LWVUS joined coalition members in urging Congress to allocate $1 billion to continue the Low Income Household Water Assistance Program (LIHWAP) program to help families with growing water debt and rising water costs.
April 4, 2023
House Appropriations Committee Chairwoman Granger
House Appropriations Committee Ranking Member/ Labor, Health & Human Services, Education Subcommittee Ranking member DeLauro
Labor, Health & Human Services, Education Subcommittee Chair Aderholt
Senate Appropriations Committee Chair Murray
Senate Appropriations Committee Vice Chair Collins
Labor, Health & Human Services, Education Subcommittee Chair Baldwin
Labor, Health & Human Services, Education Subcommittee Ranking Member Capito
The undersigned organizations and municipalities urge Congress to allocate $1 billion to continue the existing separate and independent Low Income Household Water Assistance Program (LIHWAP) program to help families with growing water debt and rising water costs.

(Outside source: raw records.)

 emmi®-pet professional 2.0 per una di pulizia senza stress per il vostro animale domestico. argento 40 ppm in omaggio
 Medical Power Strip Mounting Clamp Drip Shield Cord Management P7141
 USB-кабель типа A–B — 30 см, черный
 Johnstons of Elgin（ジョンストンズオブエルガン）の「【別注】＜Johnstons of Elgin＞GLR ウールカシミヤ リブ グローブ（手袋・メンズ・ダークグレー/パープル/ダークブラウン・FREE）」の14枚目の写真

In 2021, Congress created funding streams that work in concert to support water affordability from both a household and utility perspective. To lower the cost of capital improvements, the Bipartisan Infrastructure Law provided an increase in low-interest and grant funding streams directed at disadvantaged communities through the State Revolving Funds program. To support household affordability, Congress created LIHWAP and provided $1.14 billion for customer assistance. To date, over 400,000 households have benefitted from LIHWAP, and many more will benefit as states continue to roll out the program until the end of 2023. Households have been reconnected to water service, disconnections have been prevented, and water burdens have been reduced, all as a result of the LIHWAP program.

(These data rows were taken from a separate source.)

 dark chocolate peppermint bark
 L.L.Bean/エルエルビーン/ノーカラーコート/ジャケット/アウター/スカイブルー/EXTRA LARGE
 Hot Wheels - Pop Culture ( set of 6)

Across the United States, drinking water costs are rising. Over the last two decades, the rising cost of water has surpassed Consumer Price Index (CPI) growth meaning that household water burden has also increased. Without the LIHWAP program, many low-income households are, and could become, at risk of losing their access to water through water shutoffs because they cannot afford to pay their water bills. These families could even lose their homes through liens and foreclosures based on the bills they cannot afford to pay. The LIHWAP program is essential to keeping households connected to water.
Utilities also benefit from the LIHWAP program. Water infrastructure across the country is in dire need of upgrades. While capital improvements are necessary and often reduce costs for customers in the long-term (e.g. through reducing water loss), in the short-term these improvements require rate increases. As water rates increase and demand more and more of a household’s income, low-income households are forced to decide between water or other essential services and goods. Households’ inability to pay can mean a gap in revenue for utilities, and requires them to spend money trying to collect and punish unpaid bills. With ratepayers as the primary and often sole source of income for revenue, some utilities cannot shoulder the expenses of capital improvements. Furthermore, in response to decreased revenue streams, utility rate structures have also shifted to rely more heavily on fixed rate-structures, further disproportionately burdening the lowest-use and often lowest-income households.
Without Congressional action, LIHWAP will expire at the end of FY23. The President’s FY24 budget proposal wrongly proposes the combination of the LIHWAP and Low-Income Household Energy Affordability Program (LIHEAP) and provides a combined budget of $4.1 billion, an increase of only $111 million over the FY23 enacted funding level for LIHEAP alone. First, LIHWAP is currently and should remain a separate and independent program focused on guaranteeing water access and water affordability. Second, an $111 million increase, less than $2 million per state, is an insufficient allotment of funding to address the water needs of households. It amounts to only a tenth of the amount that was originally allocated to the program. $1 billion should be invested in our low-income households and our utilities for FY 24 and FY 25.
We urge Congress to 1) maintain separation between LIHWAP and LIHEAP and 2) provide an allocation of $1 billion to LIHWAP to be spent in FY24 and FY25. Access to water is a public health issue and we ask that you maintain support for this new but critical program.